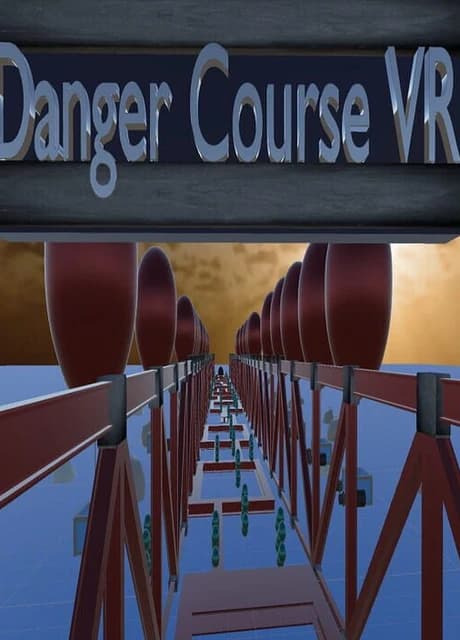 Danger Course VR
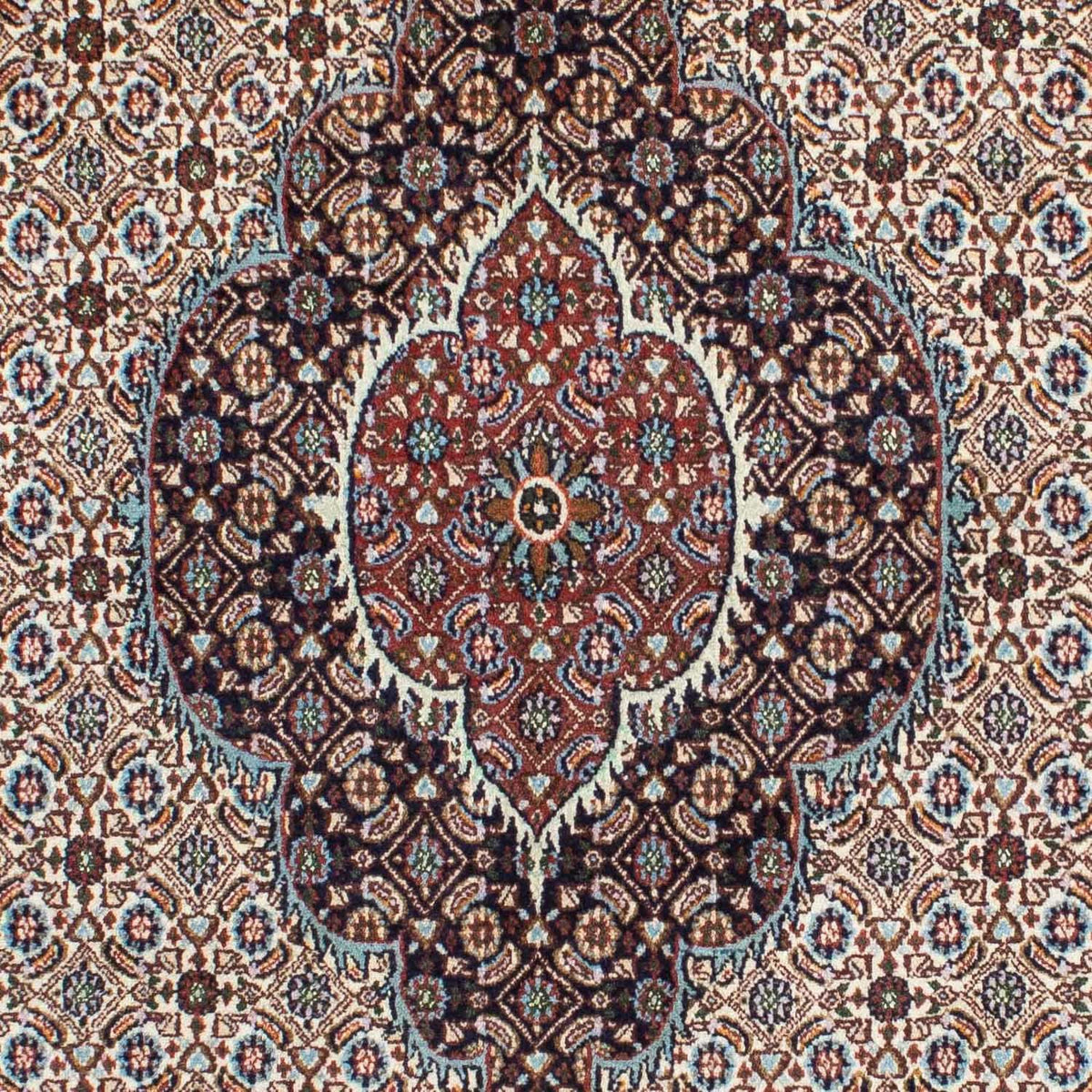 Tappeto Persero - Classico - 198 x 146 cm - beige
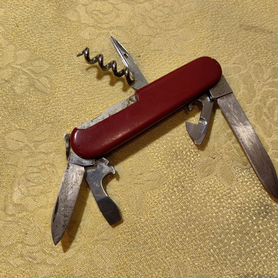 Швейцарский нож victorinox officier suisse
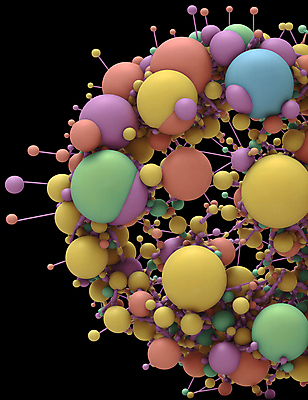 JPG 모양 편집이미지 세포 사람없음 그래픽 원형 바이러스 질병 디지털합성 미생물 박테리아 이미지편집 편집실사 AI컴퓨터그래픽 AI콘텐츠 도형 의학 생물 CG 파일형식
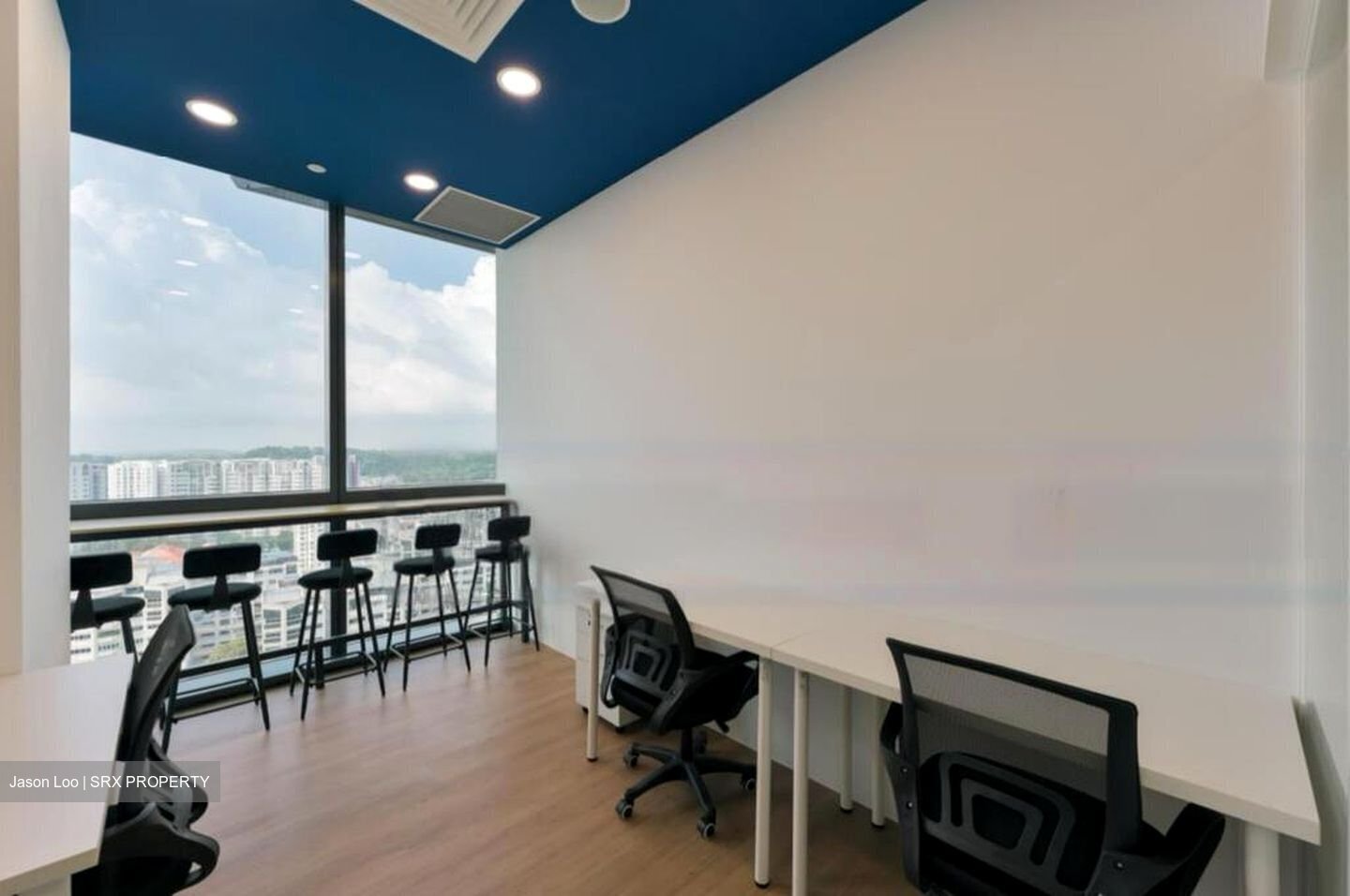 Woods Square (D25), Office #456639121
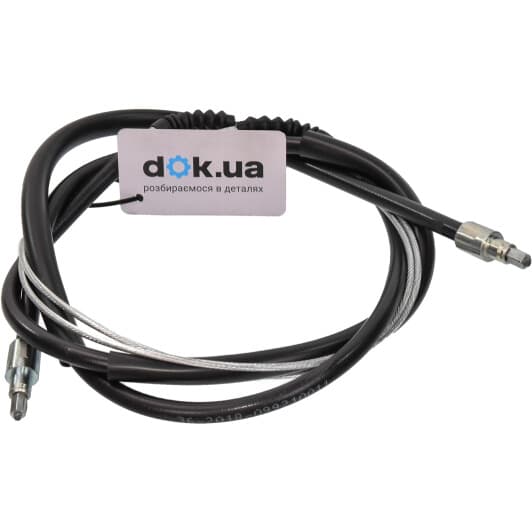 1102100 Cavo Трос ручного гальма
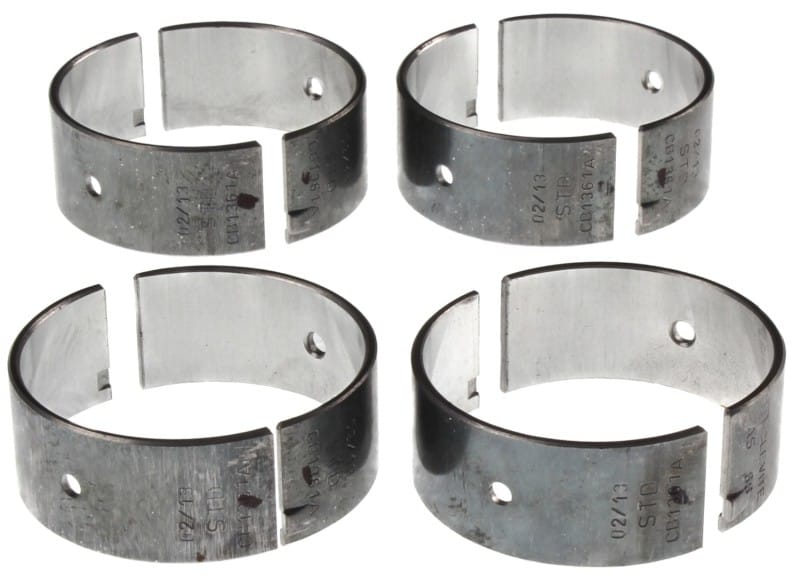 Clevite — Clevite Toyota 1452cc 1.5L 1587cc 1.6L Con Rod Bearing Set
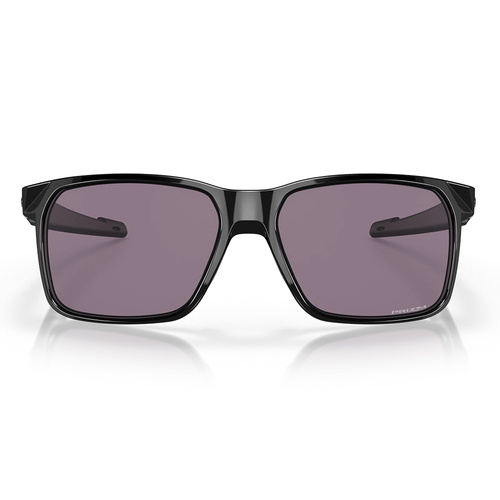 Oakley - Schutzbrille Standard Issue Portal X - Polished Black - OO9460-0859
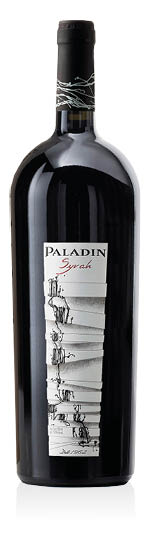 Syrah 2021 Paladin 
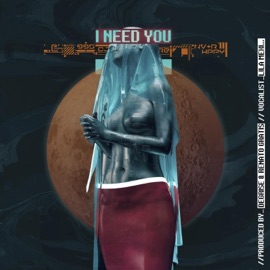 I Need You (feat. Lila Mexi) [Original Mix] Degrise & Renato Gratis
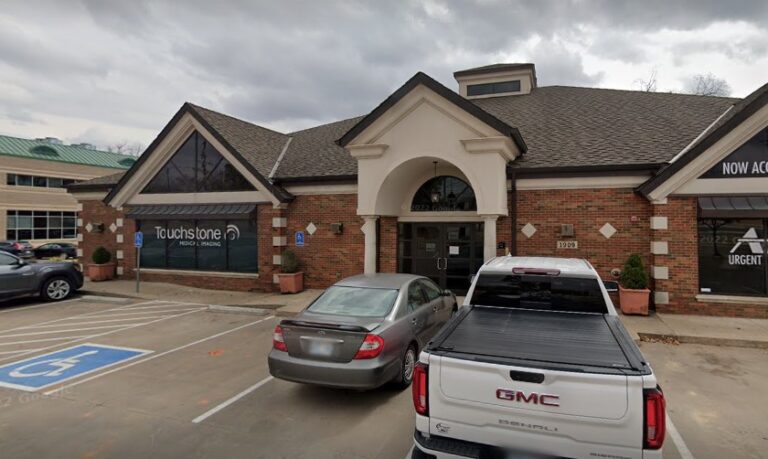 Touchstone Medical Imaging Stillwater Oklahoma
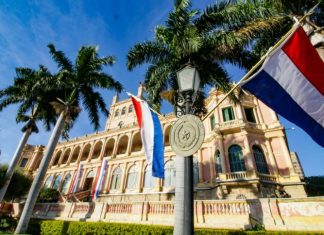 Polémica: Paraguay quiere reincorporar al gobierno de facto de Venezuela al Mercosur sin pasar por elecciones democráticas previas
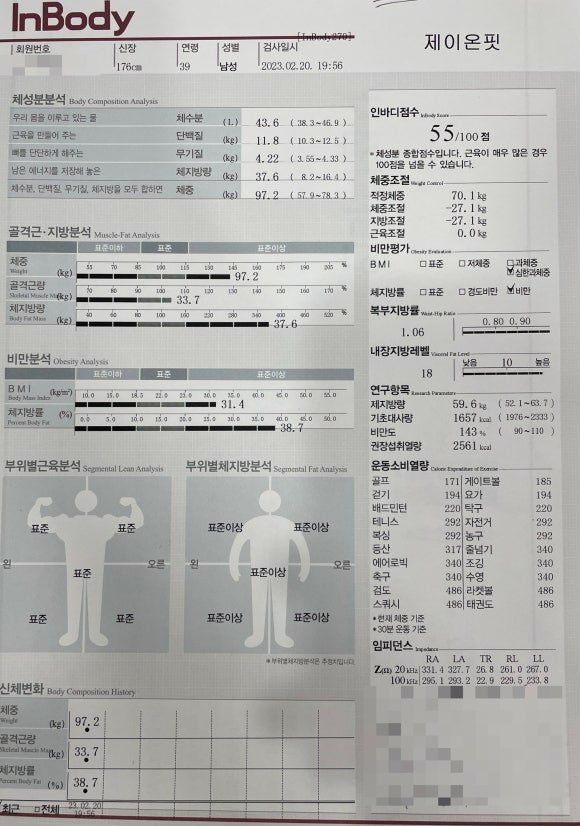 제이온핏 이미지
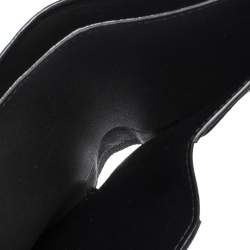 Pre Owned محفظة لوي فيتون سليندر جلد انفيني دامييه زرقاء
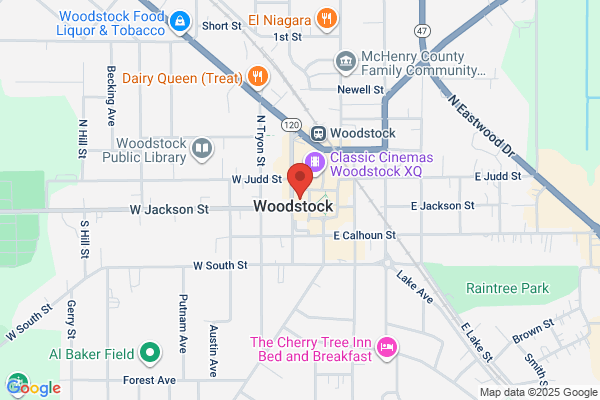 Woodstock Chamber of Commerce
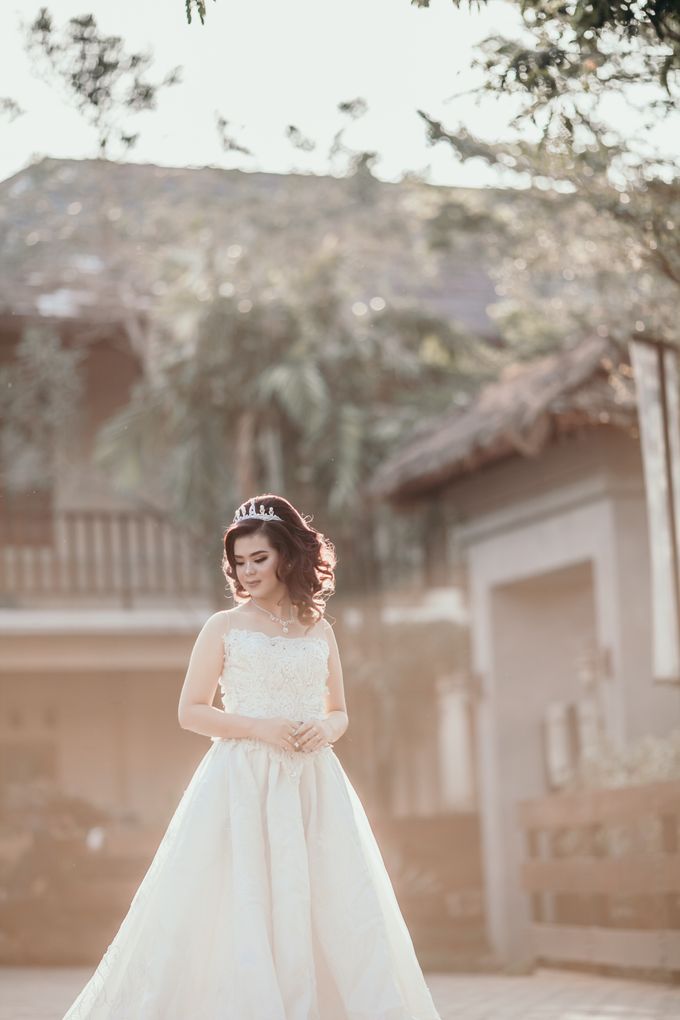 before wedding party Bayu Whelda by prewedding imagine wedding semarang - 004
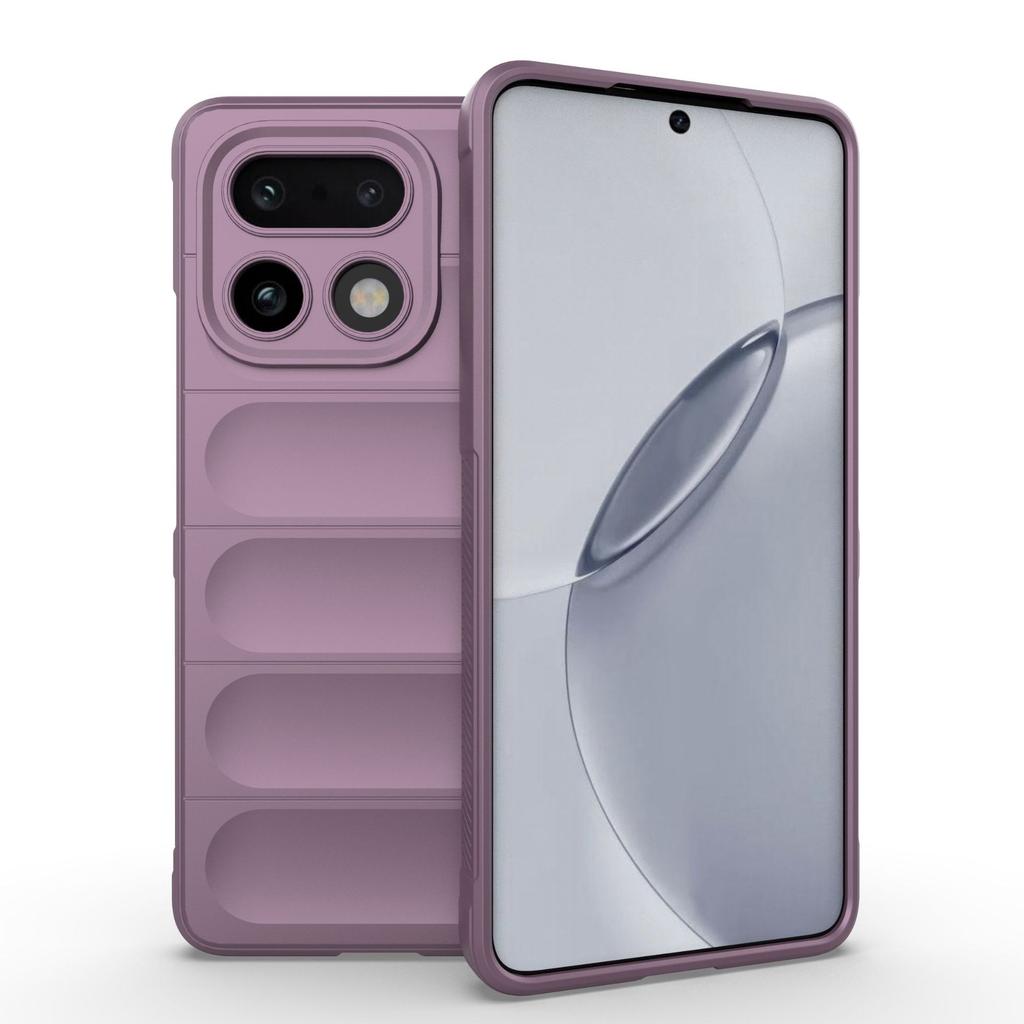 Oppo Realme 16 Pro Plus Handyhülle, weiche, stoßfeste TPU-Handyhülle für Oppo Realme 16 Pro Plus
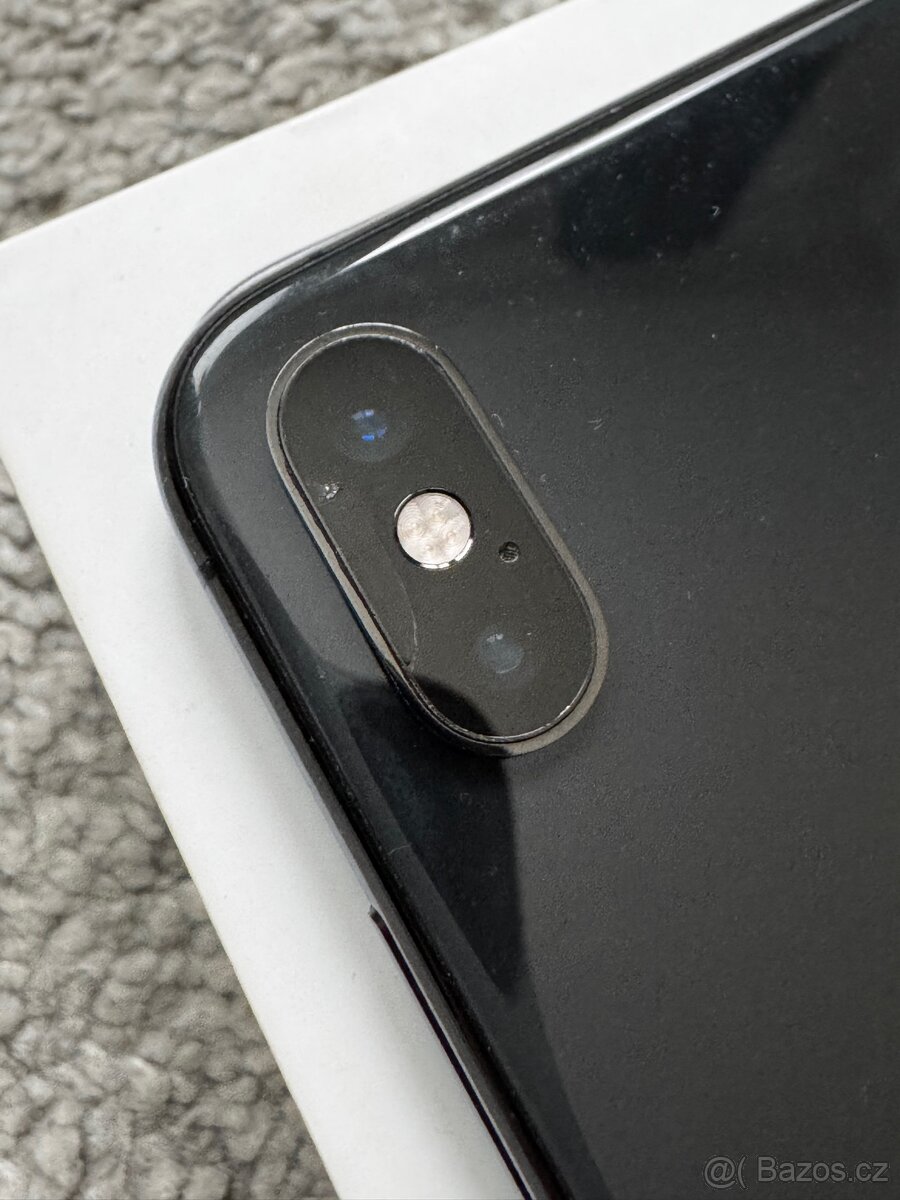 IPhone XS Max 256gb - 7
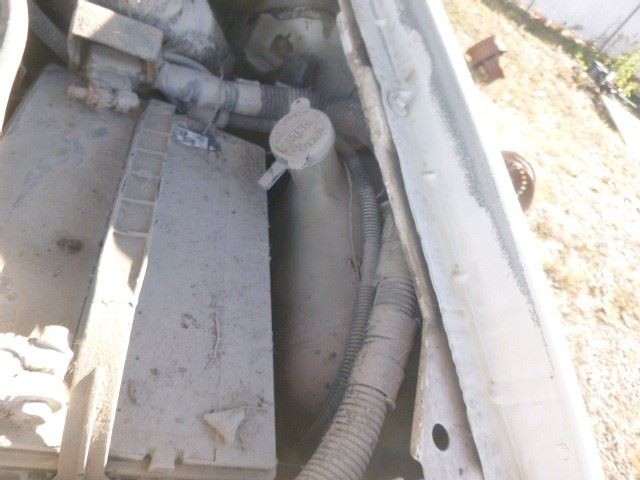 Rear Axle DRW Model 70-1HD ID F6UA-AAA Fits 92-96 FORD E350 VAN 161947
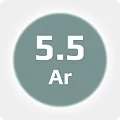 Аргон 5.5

-*-

• **Exercise**: Keep the pictures out and write out the records exactly.

• **Completed task**:
 Danger Course VR
 Tappeto Persero - Classico - 198 x 146 cm - beige
 Швейцарский нож victorinox officier suisse
 JPG 모양 편집이미지 세포 사람없음 그래픽 원형 바이러스 질병 디지털합성 미생물 박테리아 이미지편집 편집실사 AI컴퓨터그래픽 AI콘텐츠 도형 의학 생물 CG 파일형식
 Woods Square (D25), Office #456639121
 1102100 Cavo Трос ручного гальма
 Clevite — Clevite Toyota 1452cc 1.5L 1587cc 1.6L Con Rod Bearing Set
 Oakley - Schutzbrille Standard Issue Portal X - Polished Black - OO9460-0859
 Syrah 2021 Paladin 
 I Need You (feat. Lila Mexi) [Original Mix] Degrise & Renato Gratis
 Touchstone Medical Imaging Stillwater Oklahoma
 Polémica: Paraguay quiere reincorporar al gobierno de facto de Venezuela al Mercosur sin pasar por elecciones democráticas previas
 제이온핏 이미지
 Pre Owned محفظة لوي فيتون سليندر جلد انفيني دامييه زرقاء
 Woodstock Chamber of Commerce
 before wedding party Bayu Whelda by prewedding imagine wedding semarang - 004
 Oppo Realme 16 Pro Plus Handyhülle, weiche, stoßfeste TPU-Handyhülle für Oppo Realme 16 Pro Plus
 IPhone XS Max 256gb - 7
 Rear Axle DRW Model 70-1HD ID F6UA-AAA Fits 92-96 FORD E350 VAN 161947
 Аргон 5.5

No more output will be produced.